Что касается исторической религии, т. е. современного ему церковного христианства, в котором он вряд ли считал необходимым различать католиков, англикан и кальвинистов, то его отношение к ней было скептически-безразличным. Однако Юм никогда в своих письменных текстах, относившихся к теме исторической религии, не выражал атеистических убеждений. Только скептицизм[161]
.И заключительным выводом его рассуждений о сущности и истории естественной (= исторической) религии был тот же вывод, которым он заканчивал свой анализ деизма, – необходимость суждения естественной религии квалифицировать в качестве суждений «веры», но не в качестве суждений «знания». То, что недоступно внешнему опыту, т. е. восприятию через органы внешних чувств, не может быть знанием, но может быть только верой.
Ничего подчёркнуто пренебрежительного в такой квалификации суждений исторической религии нет. Стоит вспомнить, что под категорию «веры» Юм подводил не только суждения исторической религии, но и суждения деизма и, даже, суждения естественной науки.

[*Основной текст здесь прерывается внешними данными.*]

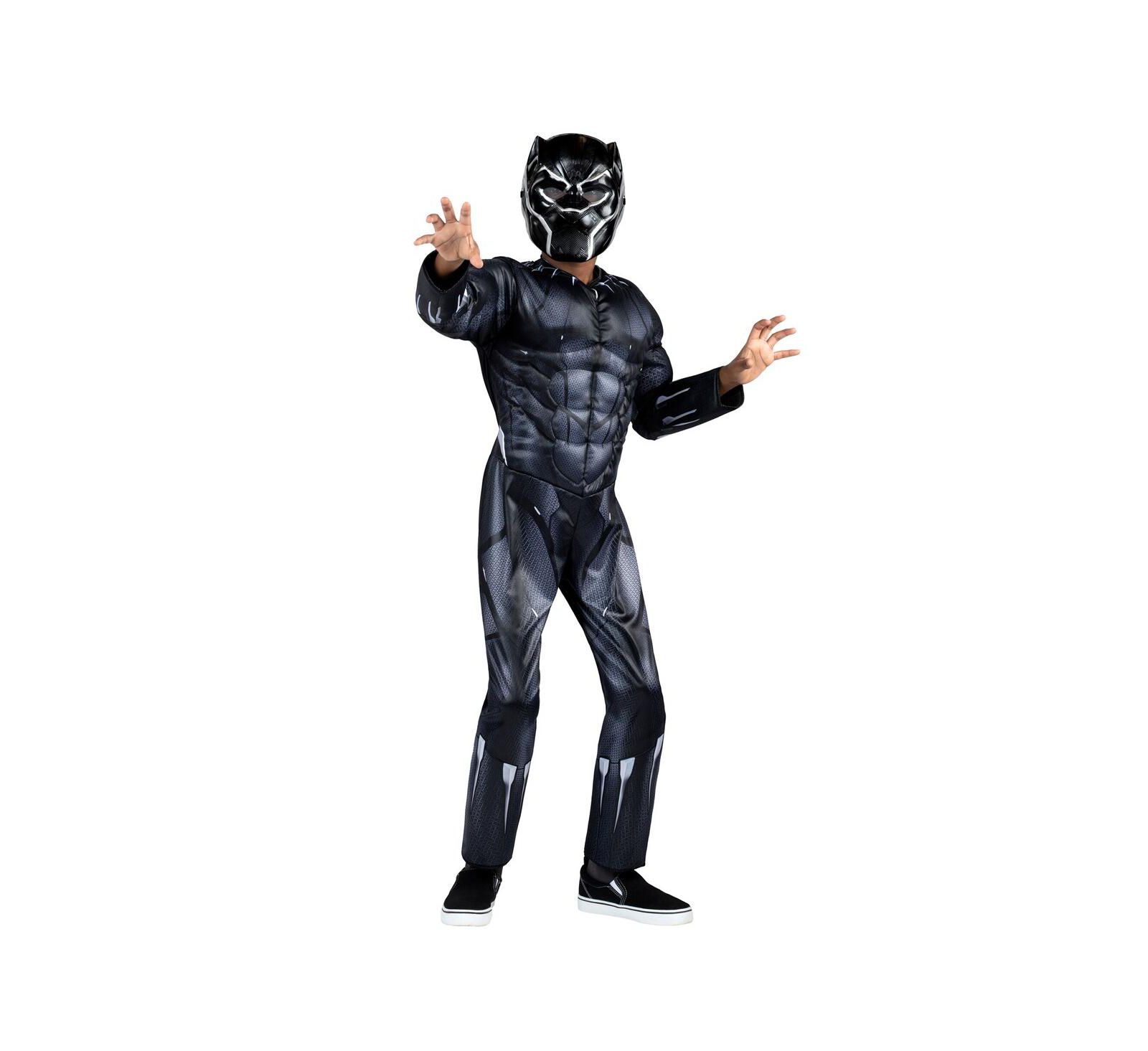 Костюм Jazwares Black Panther Qualux для мальчиков и девочек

Последовательный скептицизм Юма, проведённый им в теоретической части своей философии, привёл к тому, что в практической части философии, этике, теоретический (= познавательный) элемент был оттеснён на задний план, а ведущее положение в нравственной сфере было отдано эмоционально-волевому началу. Здесь уместно вспомнить, что античная классическая (= рациональная) философия в лице Сократа считала, что этические нормы определяются теоретическими истинами, доставляемыми рациональной философией. Но эмпирик Юм думал иначе.

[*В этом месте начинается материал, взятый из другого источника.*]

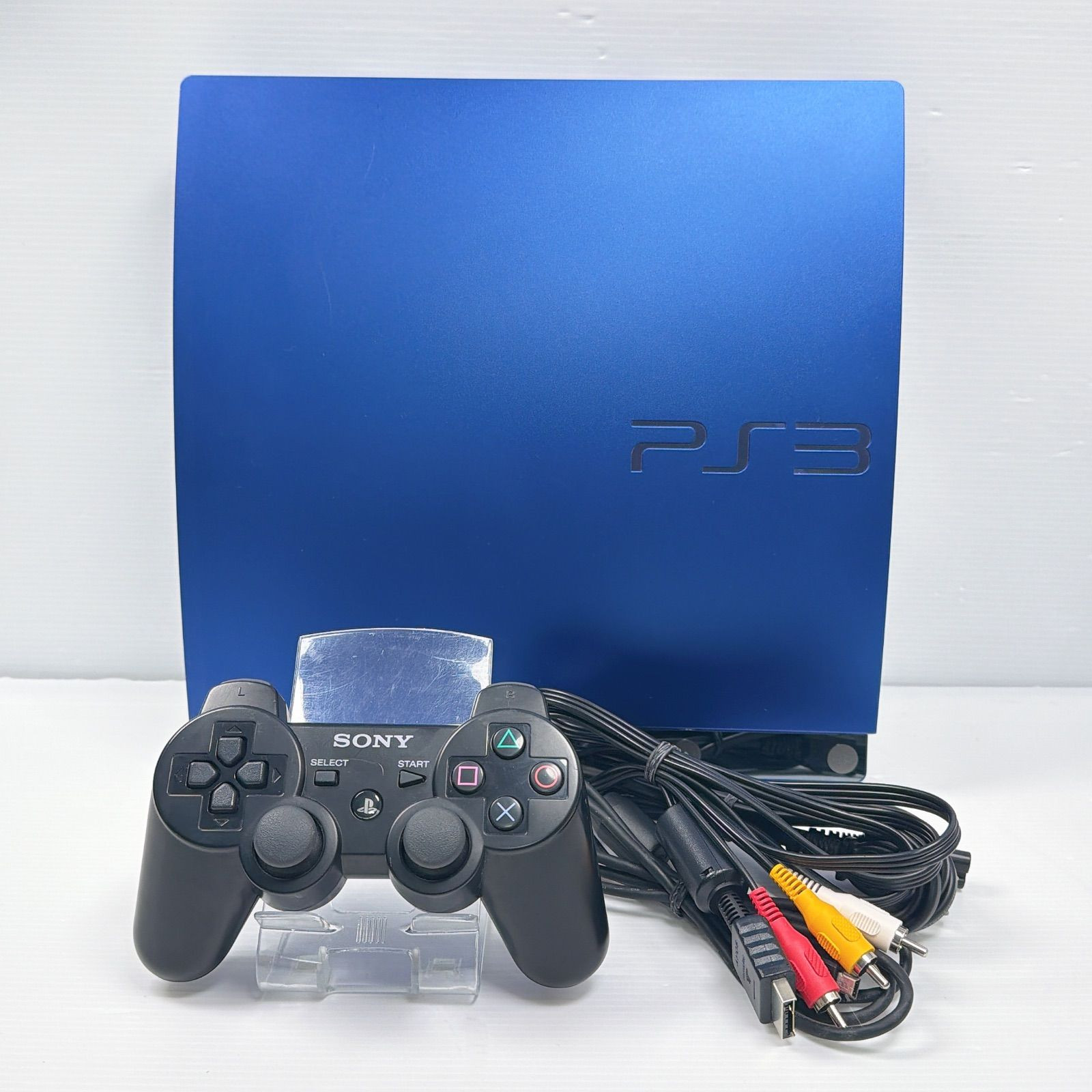 PS3 Titanium Blue CECH-2500A Playable Set Tested and Working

Он считал, что исходным элементом, определяющим, в конечном счете, всё поведение человека, являются чувства удовольствия и неудовольствия, которые отождествляются с обычным пониманием, соответственно, добра и зла. Чувство удовольствия и чувство неудовольствия, естественно, дифференцируются в различные степени, что со временем приводит к возникновению сложных иерархических систем проявления добра и зла.
Склонность человека к удовольствию и, следовательно, к добру и отвращение от неудовольствия и, следовательно, от зла принимает устойчивый характер под воздействием ещё одного чувства, которое является модификацией чувства удовольствия, а именно – чувства необходимости и потребности общения с другими людьми[162]

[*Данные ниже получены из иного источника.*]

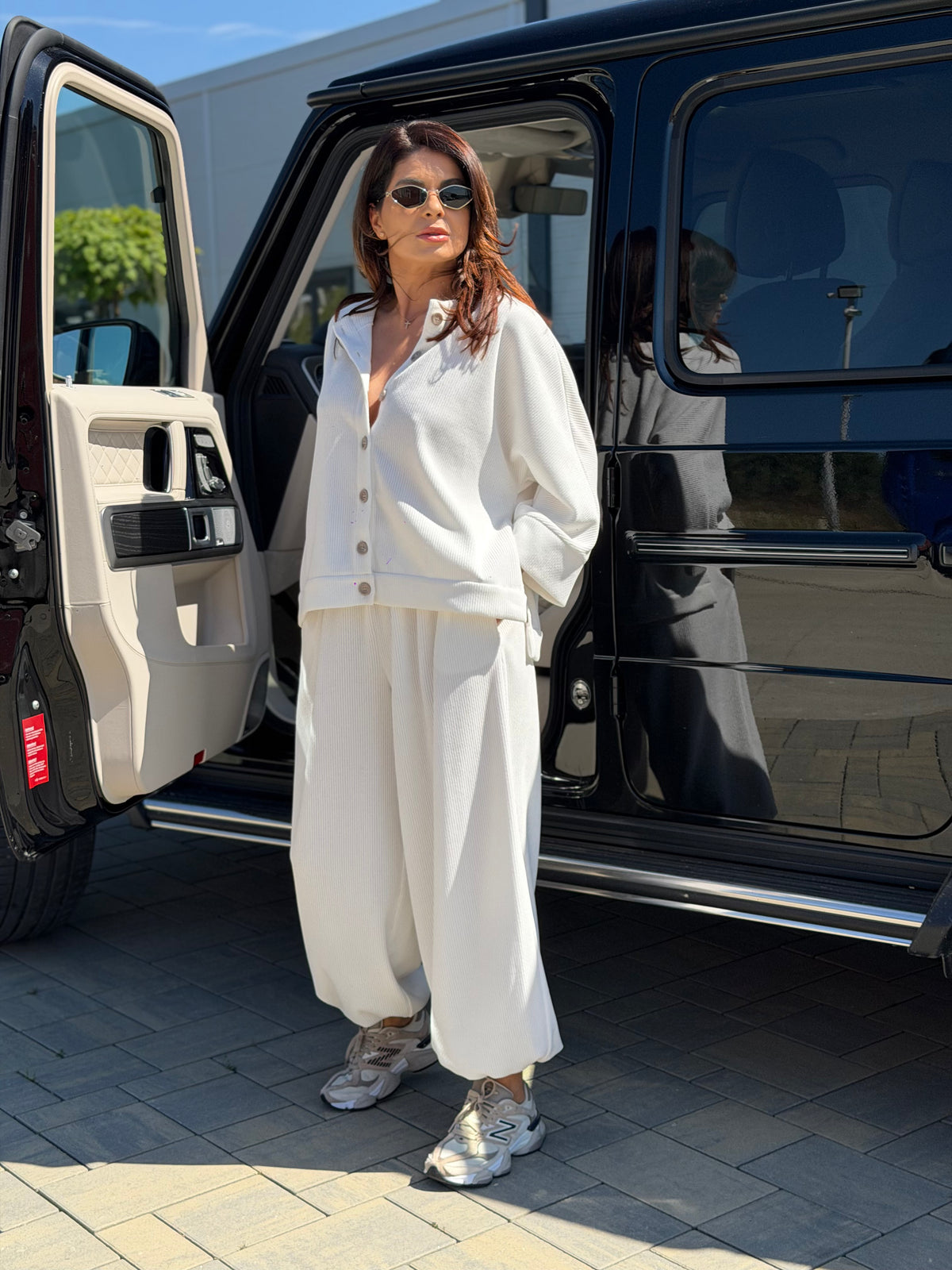 Set Maritz - White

.Понимание сущности этики, представленное Юмом, есть повторение понимания сущности этики, впервые возникшего среди афинских софистов V века до Р. Х. и в истории философии связанное с именами Аристиппа (435–355) и Антисфена (444–368). Оба эти мыслителя считали, что смысл человеческого поведения состоит в практическом достижении счастья, а счастье есть преобладание удовольствий в наличных душевных переживаниях индивида. Аристипп считал, что удовольствие есть физиологическое наслаждение и, следовательно, счастье есть накопление наслаждений. Такая теория получила впоследствии название «гедонизм». Антисфен считал, что удовольствие есть отсутствие неудовольствий (= страданий) и, следовательно, счастье есть состояние душевного спокойствия, которое и есть косвенное свидетельство наличия счастья в жизни индивида. Такая теория впоследствии получила название «эвдемонизм». «Гедонизм» в силу своего вздорного характера никогда философски всерьёз не воспринимался. Но «эвдемонизм» закрепился, впоследствии был подтверждён и поддержан Эпикуром (341–270), в Возрождение был возобновлен в секулярной части западноевропейского общества, а в Новое время даже возникла его модификация в виде «утилитаризма» Иеремии Бентама (1748–1832).
Такое понимание сущности этики к собственно этике не имеет отношения. Ведь общеизвестно, что собственно этика может мыслиться только как нормативная этика. Это значит, что в основу норм поведения может быть положена исключительно только категория «долга» и ничто другое. Этика может быть только «этикой долга», иначе этика просто обессмысливается и становится непригодной для практического достижения своей основной цели – регулирования социального поведения индивидов.